BEGIN

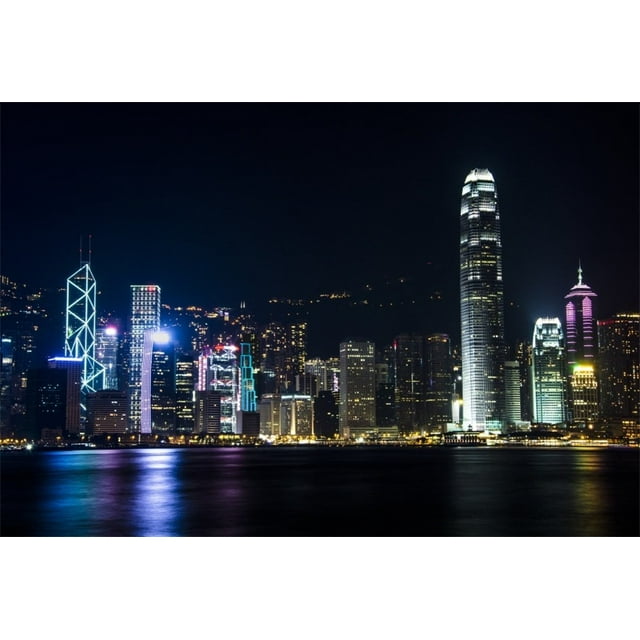 HelloDecor 7x5ft Modern City Backdrop Hong Kong Urban Nightscape Photo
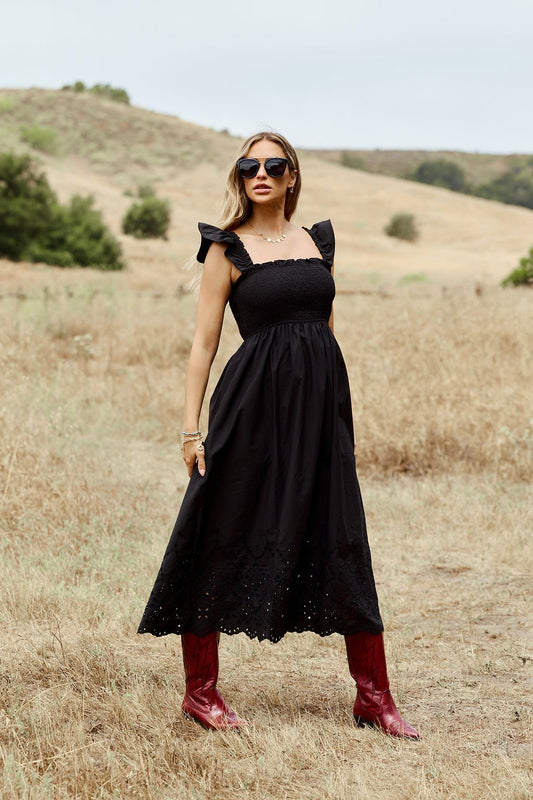 Backroad Beauty Smocked Midi Dress - Black - FINAL SALE - The Avenue44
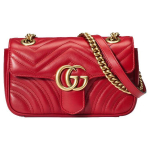 Gucci GG Marmont Matelass&eacute; Mini Rankinė Raudona Moteri&scaron;kos Pečių Rankinės 446744-DTDIT-6433 Basic Set (Bag+Dust Bag)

END

• _Work required_: Starting at the line that holds "Backroad Beauty Smocked", write out every remaining line of the material above exactly as it appears. Pictures should not be copied.

• _Task solution_:
 Backroad Beauty Smocked Midi Dress - Black - FINAL SALE - The Avenue44
 Gucci GG Marmont Matelass&eacute; Mini Rankinė Raudona Moteri&scaron;kos Pečių Rankinės 446744-DTDIT-6433 Basic Set (Bag+Dust Bag)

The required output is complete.